I think the jury is out, and the question isn't if we're heading into a recession, but the real question is how long will this recession affect markets, and how harsh will it become. This morning I read an alarming article about the impending recession, Impending Financial Hurricane, Now I know that you don't want to be overly negative because of some bad news you read on the Internet. But neither should you stick your fingers in your ears and close your eyes when the train is heading towards you. I guess the question is the media over blowing the risks to our economy, or can we learn something from our past history. So I checked google and searched the "chronology of the Great Depression", and soon found a great time line that we all should look at closely. Time Line
((Interesting exert from that article))
- Between May 1928 and September 1929, the average prices of stocks will rise 40 percent. The boom is largely artificial.
- Herbert Hoover becomes President.
- Annual per-capita income is $750. More than half of all Americans are living below a minimum subsistence level.
- Backlog of business inventories grows three times larger than the year before.
- Recession begins in August, two months before the stock market crash. During this two month period, production will decline at an annual rate of 20 percent, wholesale prices at 7.5 percent, and personal income at 5 percent.

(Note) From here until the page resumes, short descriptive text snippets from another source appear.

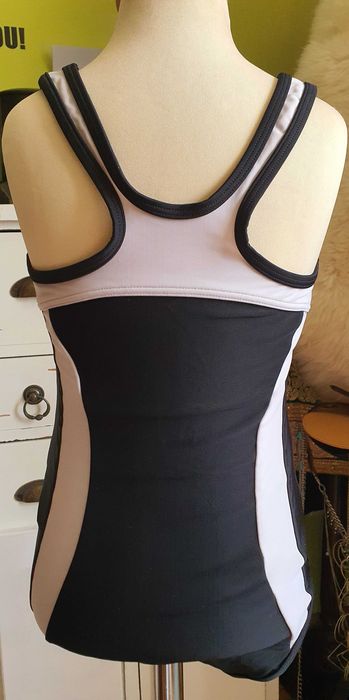 Costum de baie intreg stil sportiv varsta 9 ani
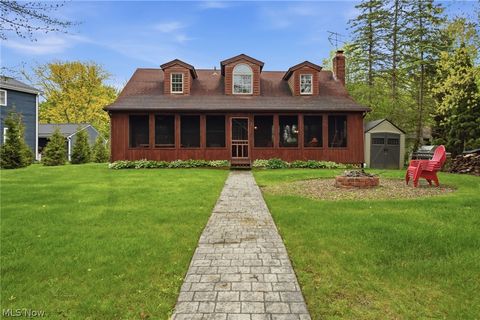Photo of 1537 Lake Crest Drive, Roaming Shores, OH 44084 (MLS # 5210599)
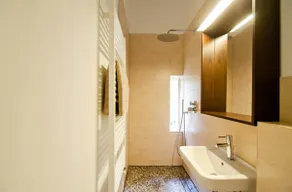 Magnificent turn of century flat (legal) - Image 3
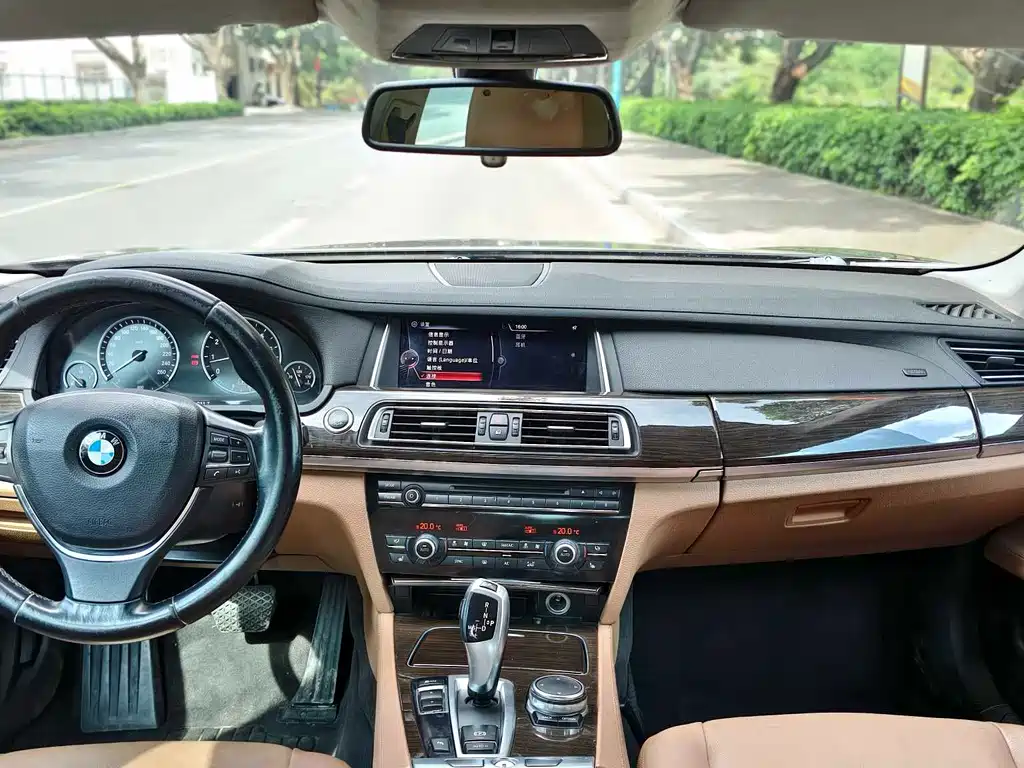 BMW 7 Series 2015 — фото 24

- Stock market crash begins October 24. Investors call October 29 Black Tuesday. Losses for the month will total $16 billion, an astronomical sum in those days.

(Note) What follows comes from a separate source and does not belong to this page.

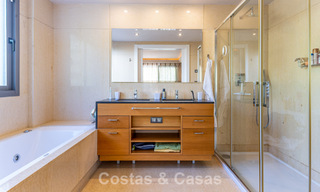 Contemporary apartment with spacious corner terrace for sale in Marbella - Benahavis 788712 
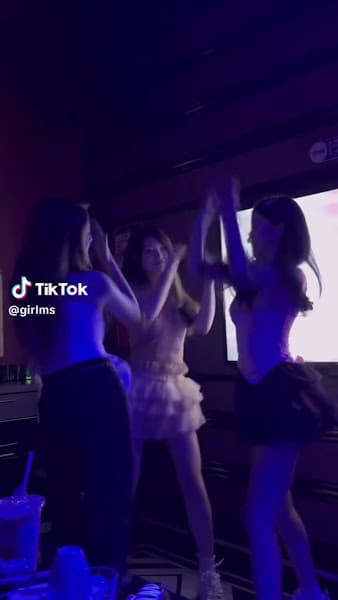 Hình ảnh KARAOKE PHOENIX - 2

- By February, the Federal Reserve has cut the prime interest rate from 6 to 4 percent. Treasury Secretary Andrew Mellon announces that the Fed will stand by as the market works itself out: 'Liquidate labor, liquidate real estate... values will be adjusted, and enterprising people will pick up the wreck from less-competent people'.
- The Smoot-Hawley Tariff passes on June 17. With imports forming only 6 percent of the GNP, the 40 percent tariffs work out to an effective tax of only 2.4 percent per citizen. Even this is compensated for by the fact that American businesses are no longer investing in Europe, but keeping their money stateside. The consensus of modern economists is that the tariff made only a minor contribution to the Great Depression in the U.S., but a major one in Europe.
- Supreme Court rules that the monopoly U.S. Steel does not violate anti-trust laws as long as competition exists, no matter how negligible.
- The GNP falls 9.4 percent from the year before. The unemployment rate climbs from 3.2 to 8.7 percent.
So the question is, are we headed for the same fate. It looks like Banks are going down in record numbers, the Federal Reserve has promised to reduce rates and do what is necessary to keep the credit market alive, which sounds allot like 1929. Are we going to now raise taxes on the richest American's? Are we going to have 24.9% unemployment rates? Or are we going to spend ourselves out of depression through Keynesian Economic theories of government spending? Are we going to make decisions that will make the crisis worse?
So what can the little guy do? Are you going to prepare now, there still is time if History has any say in our current crisis. Or is this just a bad dream and everything will get back to normal in 2009 like some people are saying?
I think it may be a little of both. I'm not that our economy today can actually be compared directly to that of the 1930's. I think the sophistication of our markets maybe one reason we rebound sooner, and furthermore I think the baby boom generation is still not in the draw down stage of their lives. Once the baby boomer's stop making major purchases, then we may actually see a true depression. But this one could be a sharp and harsh recession before the last Boom cycle.
Anyway, time enough to speculate over the next few months, but as my father always taught me, never ignore the past, because it can come up in bite you in the butt if you don't pay attention to it's lessons.